6 Segmented Log
Your write-ahead log has been running for months. It's now a single, multi-gigabyte file. Startup takes forever because the system replays the entire log. Purging old entries requires rewriting the whole file. Searching for a specific entry means scanning from the beginning.
Background
A WAL is essential for durability, but a single, ever-growing log file creates practical problems:
- Slow startup -- replaying the entire log from scratch takes longer as it grows
- Difficult cleanup -- you can't easily delete old entries from the middle of a file
- Performance degradation -- a single huge file makes seeking, rotating, and managing the log expensive
- Error-prone operations -- truncating or compacting a single large file is risky
Definition
Instead of one monolithic log file, split the log into smaller, fixed-size segments. New writes go to the current active segment. When it reaches a size or time threshold, it's closed and a new segment begins. Old segments can be independently cleaned up, archived, or deleted.
How it works
- The system writes to the active segment (the newest one)
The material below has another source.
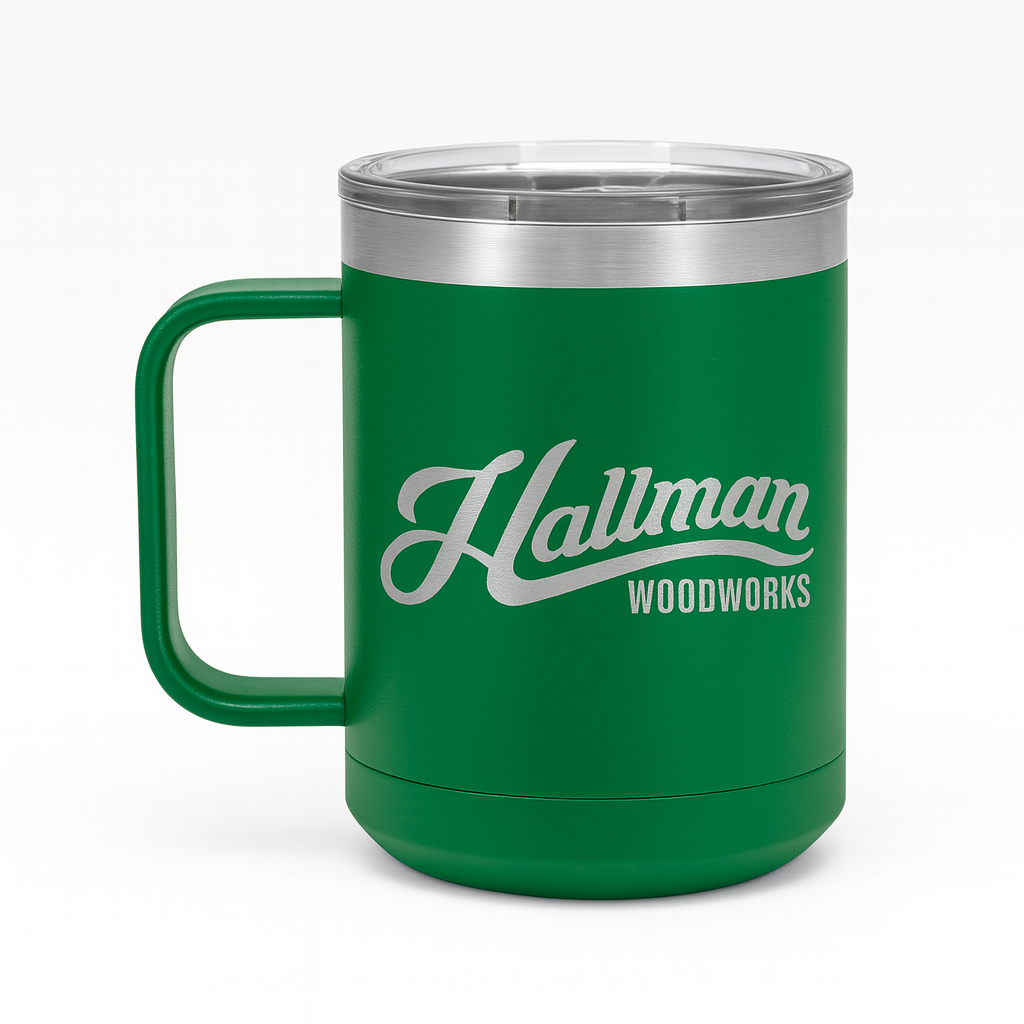 Hallman Woodworks Engraved Coffee Mug - 15oz Camp Mug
- When the active segment reaches a threshold (e.g., 1GB or 4 hours), it's sealed (made read-only) and a new active segment is created
- Sealed segments can be independently:
- Deleted -- if all their data has been flushed elsewhere or is beyond the retention window
- Archived -- moved to cold storage
- Compacted -- merged with other segments to remove duplicate or superseded entries
| Aspect | Single log file | Segmented log |
|---|---|---|
| Cleanup | Rewrite entire file | Delete individual segments |
| Startup recovery | Replay entire log | Replay only recent segments (older data is in checkpoints) |
| Disk management | One growing file | Many small, manageable files |
| Concurrent access | Lock contention on single file | Old segments are immutable (no locks needed) |
Examples
Cassandra
Cassandra splits its commit log into segments. When a segment's data has been fully flushed from the MemTable to SSTables, that segment can be archived, deleted, or recycled. This prevents the commit log from growing unboundedly and reduces disk seeks.
Kafka
Kafka uses segmented logs for each partition. Each partition's log is split into fixed-size segment files. Kafka needs to regularly find messages on disk for purging (based on retention policy), and segmented files make this efficient -- delete an entire segment instead of editing a single large file. Segments also enable Kafka's time-based and size-based log compaction.
Segmented log is the natural follow-up whenever you mention write-ahead logs in an interview. The interviewer may ask "What happens when the log gets too large?" The answer: split it into segments, use checkpoints so you only replay recent segments, and independently clean up old ones. This shows you think about operational concerns, not just correctness.